[net.news] Two comments on keyword-based news

jaw@ames.UUCP (James A. Woods) (03/12/85)

#  "If you don't like the news, go out and make some of your own."
	-- Scoop Nisker, local (S.F.) radio commentator

     Lest everyone has forgotten Mike Lesk's utilities for fast text
searching, you are hereby referred to the neglected paper "Some
Applications of Inverted Indexes on the UNIX System" in the old V7 docs.
Full text searching using inverted files is a fairly painless way of
automating indexing and retrieval; the legal community has known
this for quite some time, using similar systems for case law databases.

     In Lesk's paper, a mention of the never-distributed "lookall"
command to build a hashed index of 35 MB of all English files on the
!research machine is thought-provoking.  Space overhead is only a few percent,
assuming that the first 100 tokens (not counting common words) of each file
go into the database.  (We ignore, for the moment, construing netnews
as "English".)  Retrieval time is constant (a few disk seeks), and
indexing is done, possibly incrementally, by cron during the wee hours.

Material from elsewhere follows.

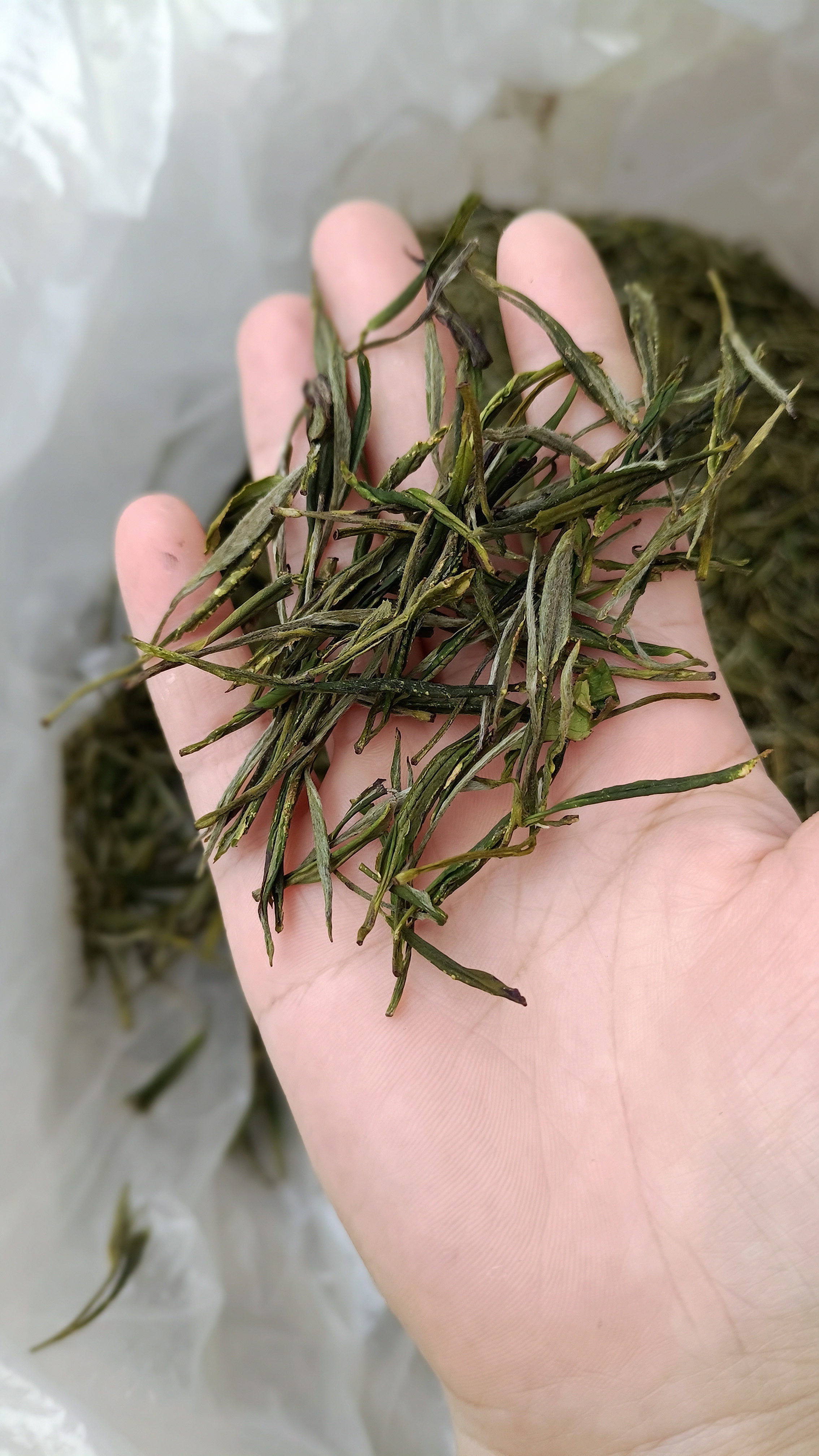 碱性最强的茶叶(十大碱性最强的茶叶) 碱性最强的茶叶(十大碱性最强的茶叶)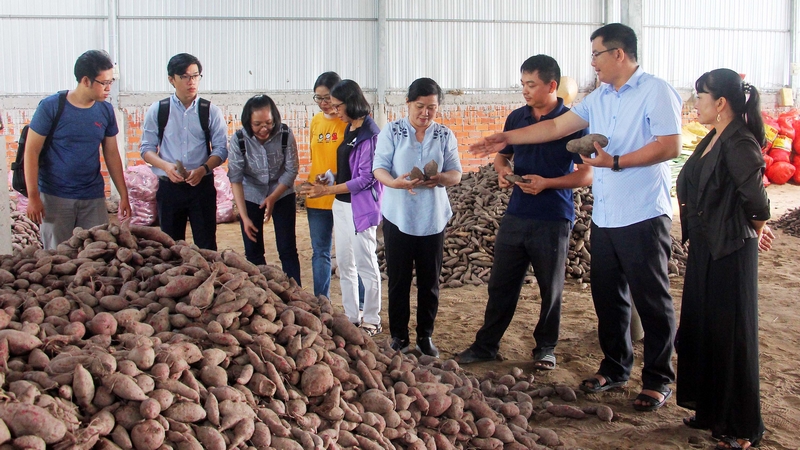 Kết nối giao thương tiêu thụ, chế biến nông sản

     Regarding the John Bass comment about 'namei' overhead, Kirk
McKusick has done an admirable job optimizing the function by a factor
of six (25 msec -> 4 msec) for BSD 4.3.  'Namei' now takes up only
a small fraction of system time.  I doubt that news article
access (creation, retrieval, indexing) will figure much into load
for systems fortunate enough to be 4.3-based.  The Salt Lake USENIX
proceedings will provide details.

     -- James A. Woods   {ihnp4,hplabs}!ames!jaw   (or, jaw@riacs)